Wishing I had life-size speakers to blare the words.
It’s called “In your Atmosphere,” By John Mayer. Live.
“Wishing I had life-size speakers to blare the words.”
This makes me think of a picture.
I saw it in a magazine today: It was Bright colors and Broad daylight.
It was a girl jumping in the air with a megaphone.
Not a cheerleader, just a voice.
She wanted everyone to hear.
Looking at her determined face, it was hard to assign a label.
Should I deem her NAIEVE or HEROIC?
OBNOXIOUS or BRAVE?
A difficult question,
but I knew that the image was me.
“By John Mayer. Live.”
This makes me think of the highway.
I love live music because of my Dad.
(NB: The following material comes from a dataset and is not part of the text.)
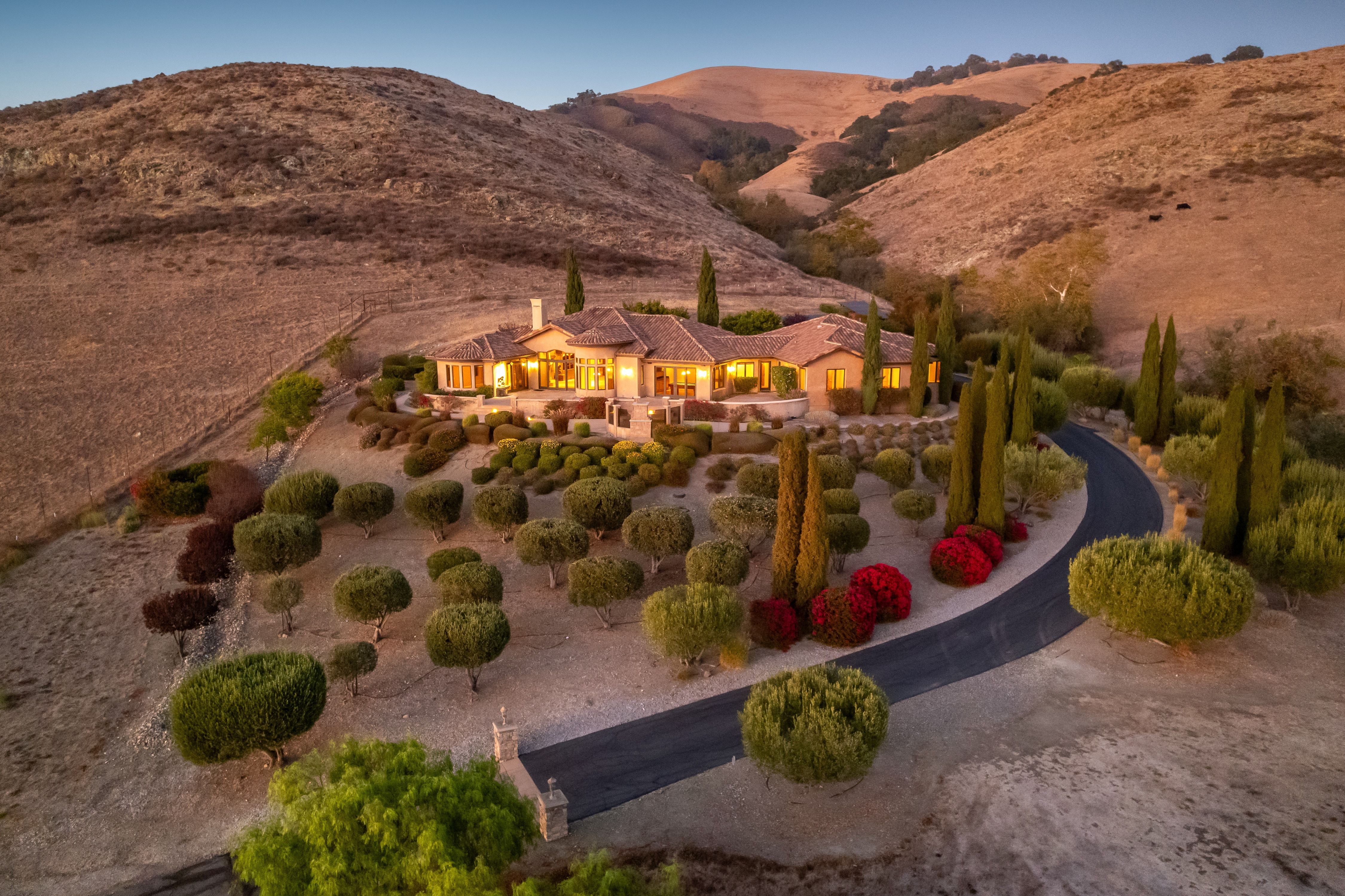  Edna Valley Mediterranean-Style Home with Panoramic Views - 物件實景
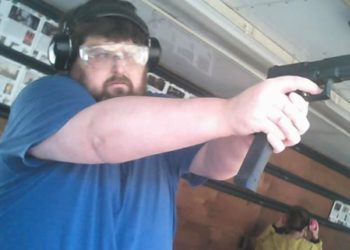 Mario Adinolfi si allena al poligono: “Se mi sparano muoiono loro, sono rapido e precisissimo” “Gesù porta la spada, Dio è Dio degli eserciti”. Il cowboy del medioevo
Because of my night drives in his passenger’s seat. He drove a Saturn with the sun roof open. The engine was loud and untrustworthy, but the stereo? Loyal. Freebird was his senior class song. He knows all the guitar solos. He knows that before Sweet Home Alabama, Johnny Van Zant yells “Turrrn it up!”
He knows all the Oooo Oooo’s and Oh Yeahhh’s.
He can tell me where he was when he decided he loved the song.
And now we can sing you The Eagles. Bob Segar. Bruce Springstein. Boston. Eric Clapton. America. James Taylor. Lynyrd Skynyrd.
Because my Dad’s engine was loud, unpredictable.
But his stereo has always been loyal.
And now we can sing together.
John Mayer is singing “I don’t think I’m gonna go to LA anymore.”
This makes me think “I know what you mean, but I still want to.”
I went there once, with the Jordan boy I write about sometimes.
He had never been to the beach at night, and while we stood on the sand, I stared down the ferris wheel. It was a distant circle of lights. I wished we would go. Things got in the way.
But then
I did go to LA again.
It was barely September, a Sunday night.
I was on that same beach, in my church clothes again.
But the lights didn’t seem so distant anymore.
I felt the difference.
The hope that their promise would only seem closer
With each
Adventuring drive toward the coast.
I sent my words into that night,
Declaring that when I came to LA again,
“You best bet I will ride that ferris wheel.”
I am a strange girl, needing to type out all these thoughts before I can get back to life. But this is my life, here in the kitchen, scrawling for words. And that’s enough for me, even if I can’t make you see what those lights mean.